• _Data block_:
<<<<
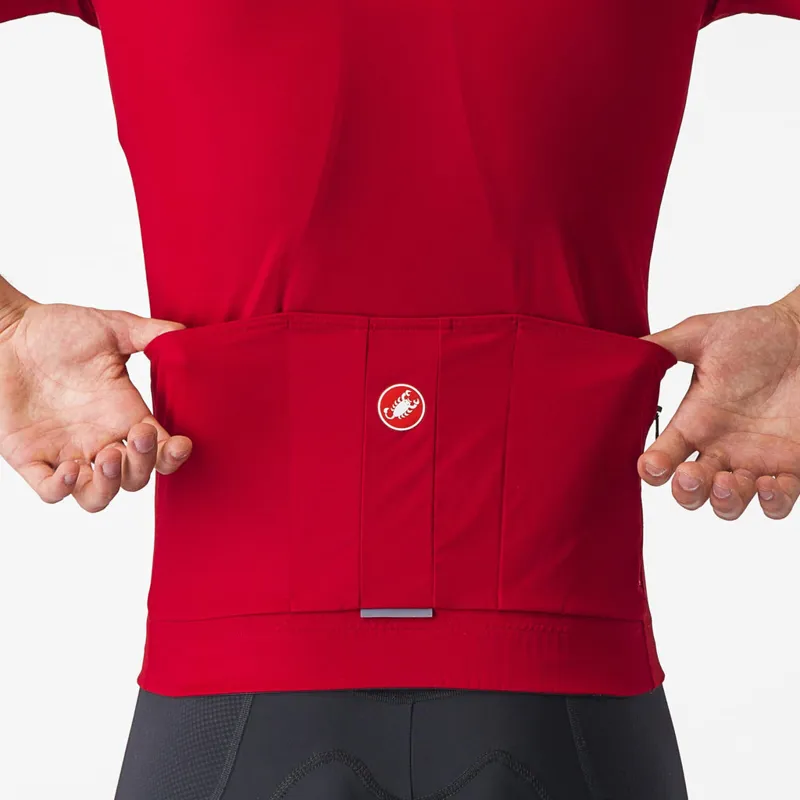 Castelli Prologo Lite Short Sleeve Jersey in Rich Red-2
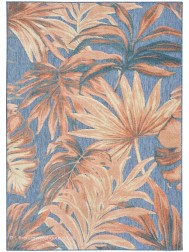 Aloha Leaves Blue Rug - Thumbnail - 9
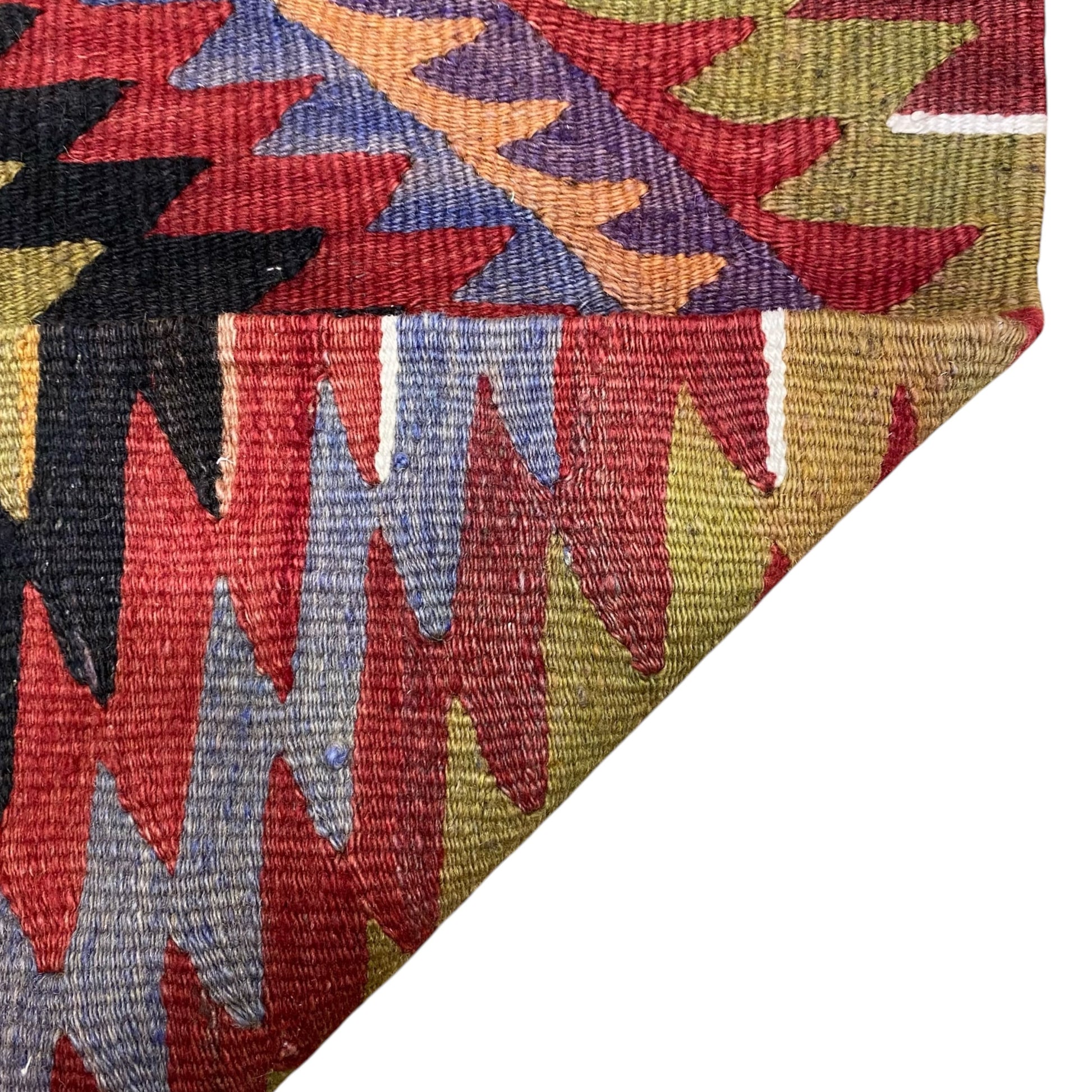 Aztec Design Square Sofra Kilim Rug - Kilim Art Gallery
>>>>
• _Exercise aim_: Retype all the data exactly; skip the pictures.

• _Solved exercise_:
 Castelli Prologo Lite Short Sleeve Jersey in Rich Red-2
 Aloha Leaves Blue Rug - Thumbnail - 9
 Aztec Design Square Sofra Kilim Rug - Kilim Art Gallery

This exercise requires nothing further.